Donehoo grew up in the small town of Roswell, GA learning music passed down from family members that came from Ireland to America in the early 1700s. He explains in an interview with Lincoln County Historical Society that “when they came they brought their music with them and have been playing ever since.” In their time, he elaborates, music was played primarily on dulcimers and fiddles, and was less a performance than it was a neighborhood affair, with friends, family and even strangers all participating together to make music and pass the time. “It was in this environment that I began to play and enjoy “Old Time Music” and today I still get a thrill hearing ten or fifteen musicians, of different ages and abilities, sit around in a circle and belt out an old tune like “Sugar Hill” or “Fisher’s Hornpipe.””
It was in this spirit that Donehoo formed the HIT String Band several years ago, a means of entertaining his audiences and teaching them how this traditional style has formed the basis for what is modern bluegrass and country music. “Today, Bluegrass is all the rage, but the roots of bluegrass and country music are found deeply embedded in what is referred to as “Appalachian Music.” (It) has been preserved and nurtured by many who still love it. And today I not only have the privilege of teaching others to play the old style music but have also become involved in building and repairing early Appalachian instruments.”

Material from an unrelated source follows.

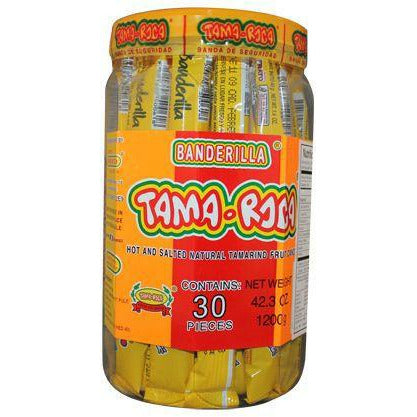 Tamaroca Banderilla Con Chile (Mexico)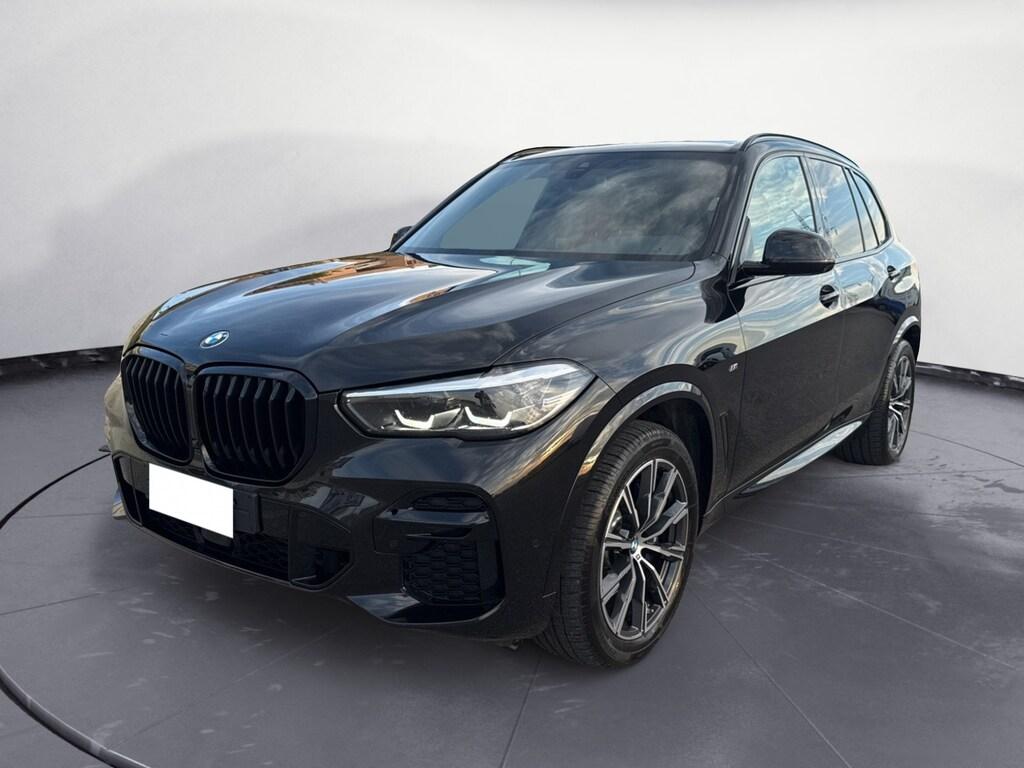 usatostore.bmw.it Store BMW X5 xdrive30d mhev 48V Msport auto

The HIT String Band, comprised of Donehoo along with five to ten other musicians, plays Appalachian music at various events throughout the Southeast, including Pioneer Days in Lincolnton, GA and a host of other local venues. This year’s performance at the Hopeland Summer Concert Series will include a variety of songs from “Yellow Rose of Texas” to “Bright Sunny South.” The free event will begin at 7 pm, with food and well-behaved pets on leashes welcome. Public parking is available at the Green Boundary Club on Whiskey Road across from Hopelands Gardens, with handicap parking available at the Hopelands Gardens parking lot at 135 Dupree Place. In case of inclement weather, call the rainout hotline at 803-643-4661.